Task to complete: Word-for-word transcription: reproduce all of the data, but not the pictures.

Data provided:

------------------------------------

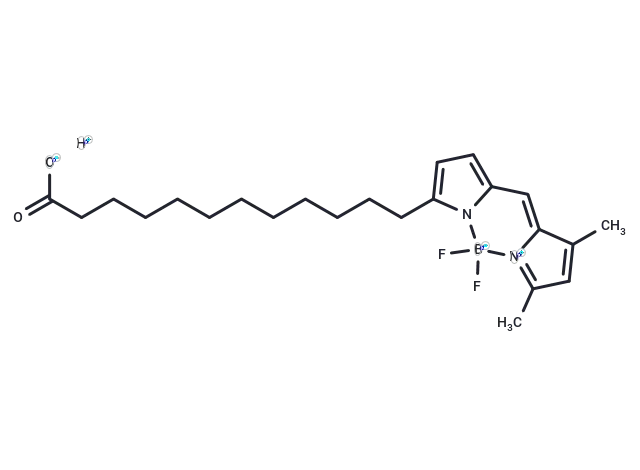 BODIPY FL C12 CgoaEGbkG1uEOYNZAAAAAFkR8hs715- Immunomart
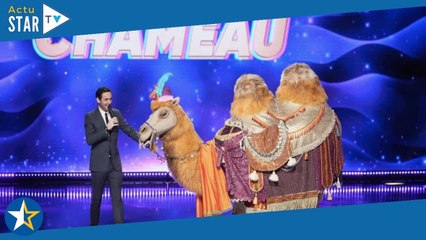 Mask Singer 5 : quelles célébrités se cachent sous le costume du Chameau ? Découvrez tous les indice
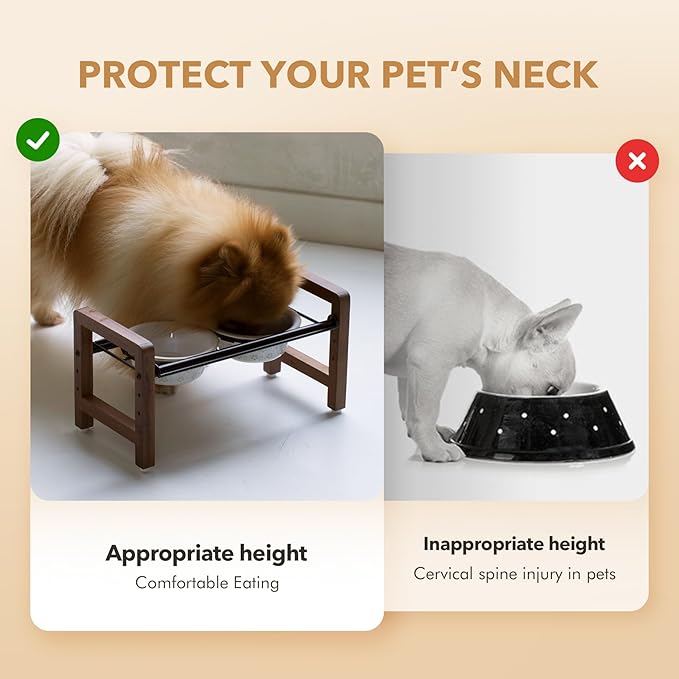 5.5inch Ceramic Adjustable Raised Double Bowls Set with Stand, 3 Heights Elevated, 2 Placement Options,Food and Water Dishes for Puppy, Cats(Double Bowls+Stand, Reactived Glaze -White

------------------------------------

Response to this exercise:
 BODIPY FL C12 CgoaEGbkG1uEOYNZAAAAAFkR8hs715- Immunomart
 Mask Singer 5 : quelles célébrités se cachent sous le costume du Chameau ? Découvrez tous les indice
 5.5inch Ceramic Adjustable Raised Double Bowls Set with Stand, 3 Heights Elevated, 2 Placement Options,Food and Water Dishes for Puppy, Cats(Double Bowls+Stand, Reactived Glaze -White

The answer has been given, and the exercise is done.